Ugh. Nothing pisses me off more. I have been acceptably stable for
five years. Why is it that my family and friends still can't tolerate
a single complex emotion out of me or too many little jokes. Anger
provokes an especially enchanting response.

Anyone else have similar feelings towards this?
HeatherOK
2006-07-20 01:37:31 UTC
Permalink
Post by traktrgrl
Why is it that some many BP-friends and family think the slightest
deviation from a lolling rowboat demeanor means "SHE MUST BE OFF THE
MEDS!!!!! ARE YOU OFF YOUR MEDS??"
I get that sometimes at work, usually when I get upset. Instead of
being asked if I'm taking my meds, I get asked to call my doctor and
have her change them. I finally learned to say "BIPOLAR DOES NOT MEAN
THAT I CAN'T GET ANGRY OR SHOW ANY OTHER EMOTION!" After the fourth
time, I haven't had to say that.

The last time I got angry (and it was justified), if it wasn't for
someone else in the group "coming out" and saying that my medicine had
nothing to do with it and I was justified in getting upset, I'd have
had to say that again. It was amazing how their attitude toward me
had changed after that.

My family, well, I don't pay attention to them. The ones who give me
shit about it are usually the ones who are bipolar but are in some
major denial about being bipolar and obviously not medicated.
north polar skip
2006-07-20 19:40:21 UTC
Permalink
It just happened to me the other day. My husband thought, because I was
angry, that I needed to increase the dosage of one of my meds. He won't
be saying that again. = ) Skipper
Post by HeatherOK
Post by traktrgrl
Why is it that some many BP-friends and family think the slightest
deviation from a lolling rowboat demeanor means "SHE MUST BE OFF THE
MEDS!!!!! ARE YOU OFF YOUR MEDS??"
I get that sometimes at work, usually when I get upset.

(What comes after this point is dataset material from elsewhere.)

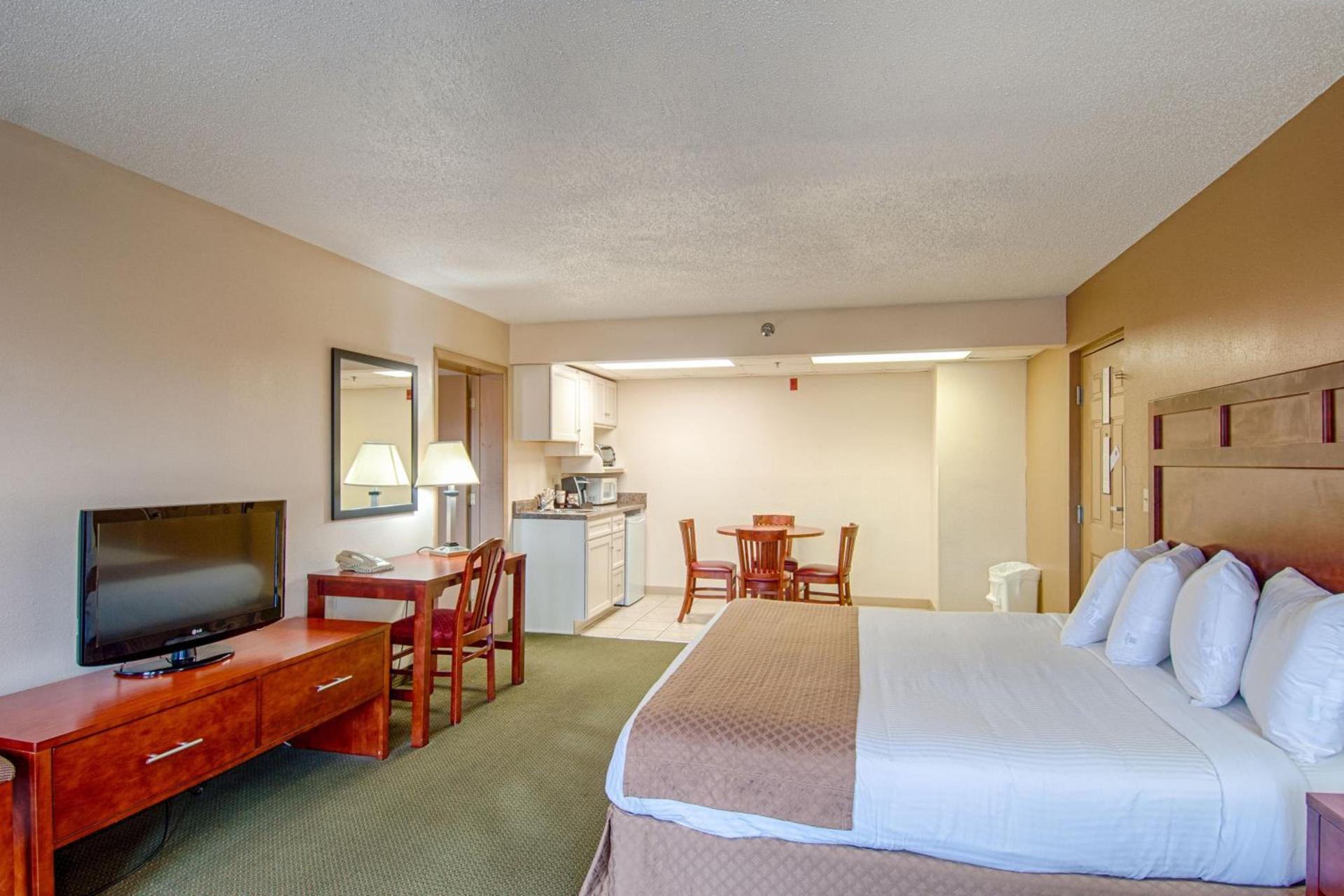 Park Tower Inn photo 38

Instead of
being asked if I'm taking my meds, I get asked to call my doctor and
have her change them. I finally learned to say "BIPOLAR DOES NOT MEAN
THAT I CAN'T GET ANGRY OR SHOW ANY OTHER EMOTION!" After the fourth
time, I haven't had to say that.
The last time I got angry (and it was justified), if it wasn't for
someone else in the group "coming out" and saying that my medicine had
nothing to do with it and I was justified in getting upset, I'd have
had to say that again. It was amazing how their attitude toward me
had changed after that.
My family, well, I don't pay attention to them. The ones who give me
shit about it are usually the ones who are bipolar but are in some
major denial about being bipolar and obviously not medicated.
HeatherOK
2006-07-21 01:59:10 UTC
Permalink
On 20 Jul 2006 12:40:21 -0700, "north polar skip"
Post by north polar skip
It just happened to me the other day. My husband thought, because I was
angry, that I needed to increase the dosage of one of my meds. He won't
be saying that again
Took a while for my husband to understand also. What finally got it
to click was when I dragged him with me to a few pdoc appointments and
then the mixed episode that ended up with me in a verbal vomit session
with a crisis counselor. Once the episode passed, I was fine, and my
husband really asked another two hours worth of questions. But he
understood after that.

Most of the time, my husband hears me out if he's not laughing at me
waving my hands and talking in an angry tone about what is making me
so mad.
Beach-N-SnowGirl
2006-07-20 04:37:51 UTC
Permalink
This is why I am terrified of telling people of my diagnosis. Right
now, I may be emotional, but at least I'm considered to have an
argument or a valid reason for my emotions, however strong they may be.
I honestly believe that if/when people find out, they'll negate any
ligitimate reason for my emotions and decide to discount my arguments
as 'another bipolar episode.'

*sigh* i guess that there isn't much to be done about it other than
pointing out to them the idiocy of their assumptions, as you have.
Post by traktrgrl
Why is it that some many BP-friends and family think the slightest
deviation from a lolling rowboat demeanor means "SHE MUST BE OFF THE
MEDS!!!!! ARE YOU OFF YOUR MEDS??"
Ugh. Nothing pisses me off more. I have been acceptably stable for
five years. Why is it that my family and friends still can't tolerate
a single complex emotion out of me or too many little jokes. Anger
provokes an especially enchanting response.
Anyone else have similar feelings towards this?
Malcolm
2006-07-22 20:21:32 UTC
Permalink
Post by traktrgrl
Why is it that some many BP-friends and family think the slightest
deviation from a lolling rowboat demeanor means "SHE MUST BE OFF THE
MEDS!!!!! ARE YOU OFF YOUR MEDS??"
Ugh. Nothing pisses me off more. I have been acceptably stable for
five years. Why is it that my family and friends still can't tolerate
a single complex emotion out of me or too many little jokes. Anger
provokes an especially enchanting response.
Anyone else have similar feelings towards this?
It is irritating. Anytime it is convenient for someone else they can simply
attribute your behaviour or attitudes to mental illness.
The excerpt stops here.